### EXERCISE OBJECTIVE:
Retype the data exactly, from its first line to the line containing "Borraccia in rame", including both, and skip any picture.

EXERCISE DATA START

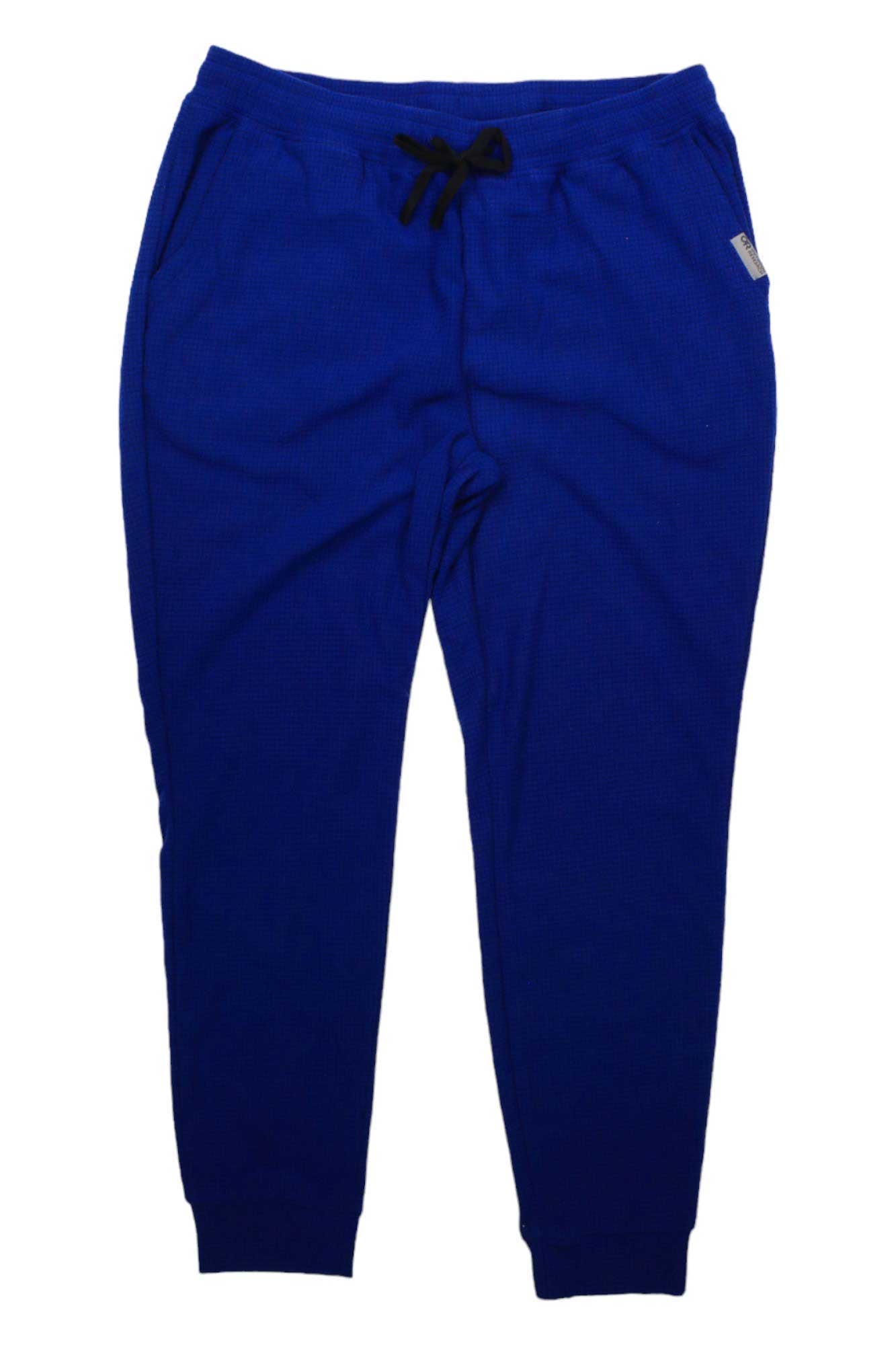 Women's blue trail jogger pants with drawstring waist and tapered ankle cuffs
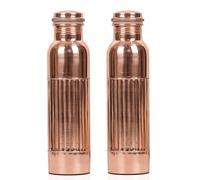Borraccia in rame puro da 1000 ml, contenitore in rame con borsa per il trasporto, per sport, yoga, bottiglia ayurvedica in rame per palestra, ufficio, escursionismo (confezione da 2, bottiglia con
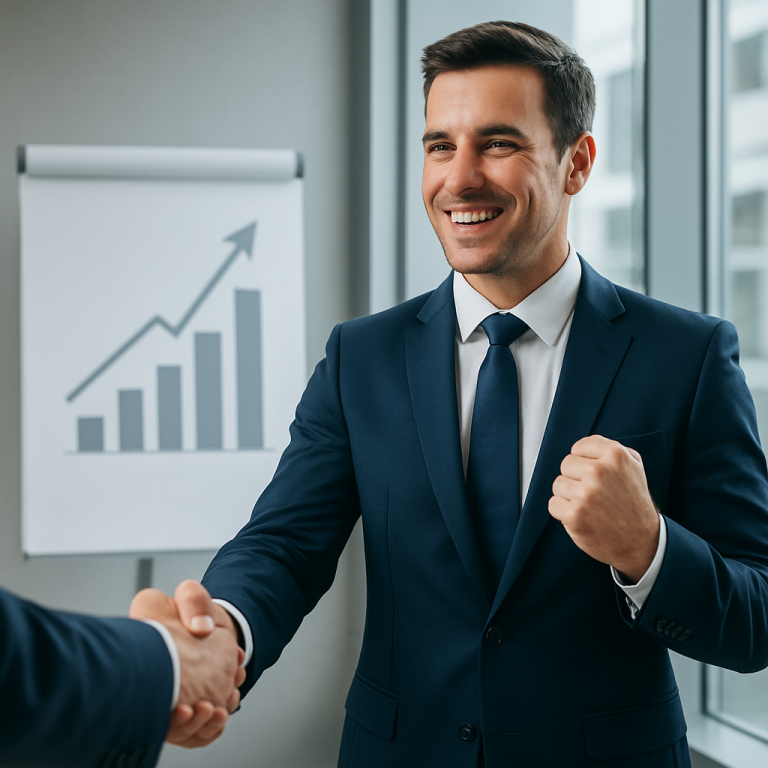Hombre de negocios con traje sonriente, estrechando manos ante gráfico en aumento.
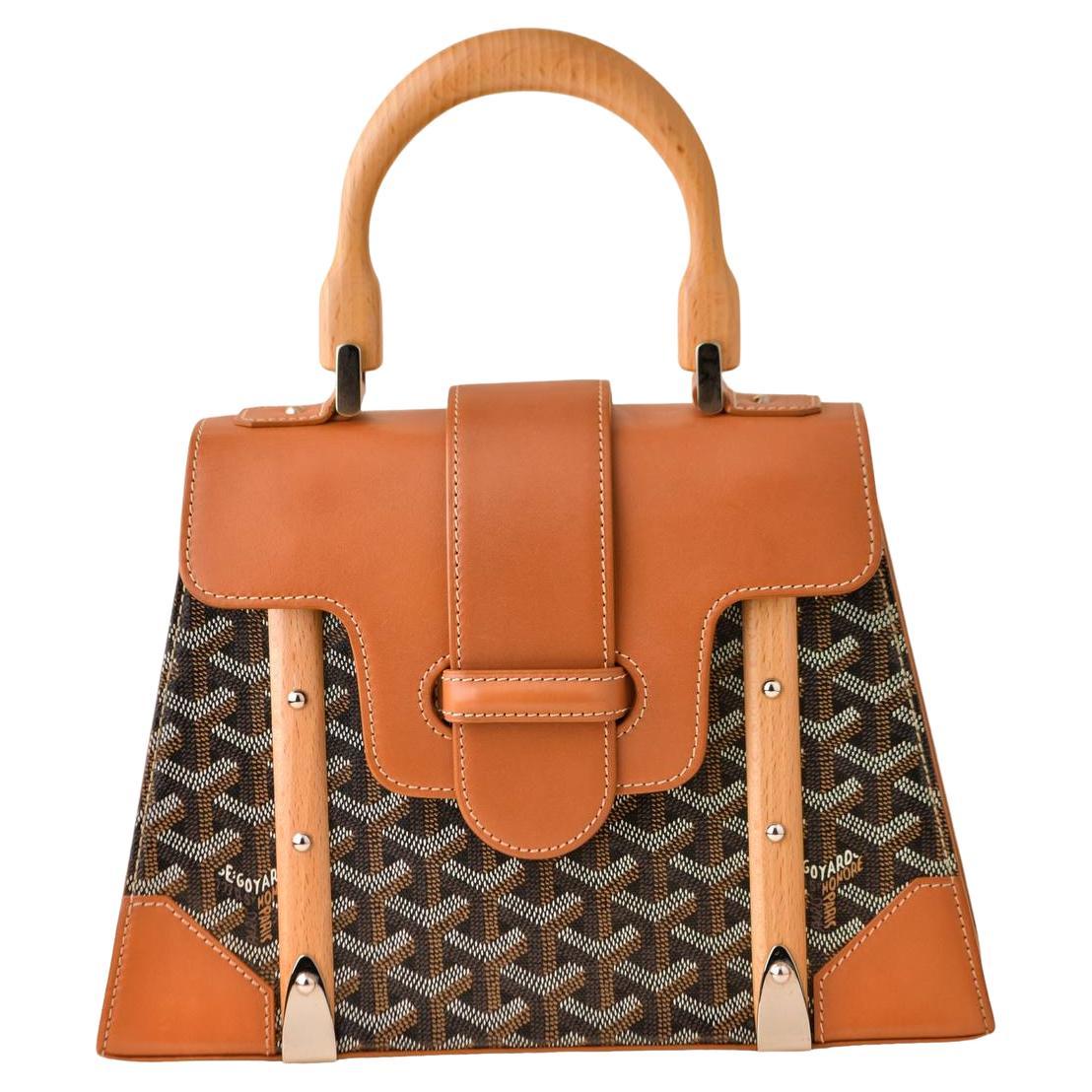 Goyard Saigon PM Structured Brown Leather Top Handle Shoulder Bag For Sale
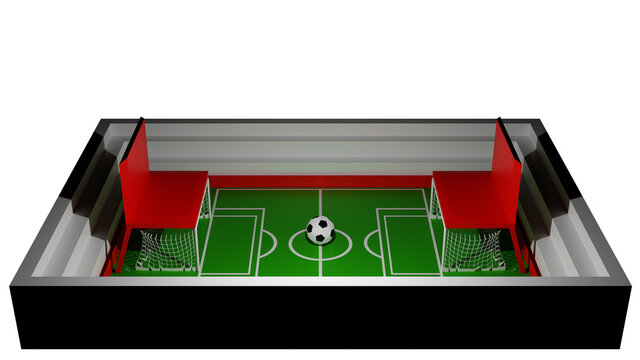 Soccer field and soccer goal chairs abstract background 3D render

EXERCISE DATA END

### REPLY TO THE EXERCISE:
 Women's blue trail jogger pants with drawstring waist and tapered ankle cuffs
Borraccia in rame puro da 1000 ml, contenitore in rame con borsa per il trasporto, per sport, yoga, bottiglia ayurvedica in rame per palestra, ufficio, escursionismo (confezione da 2, bottiglia con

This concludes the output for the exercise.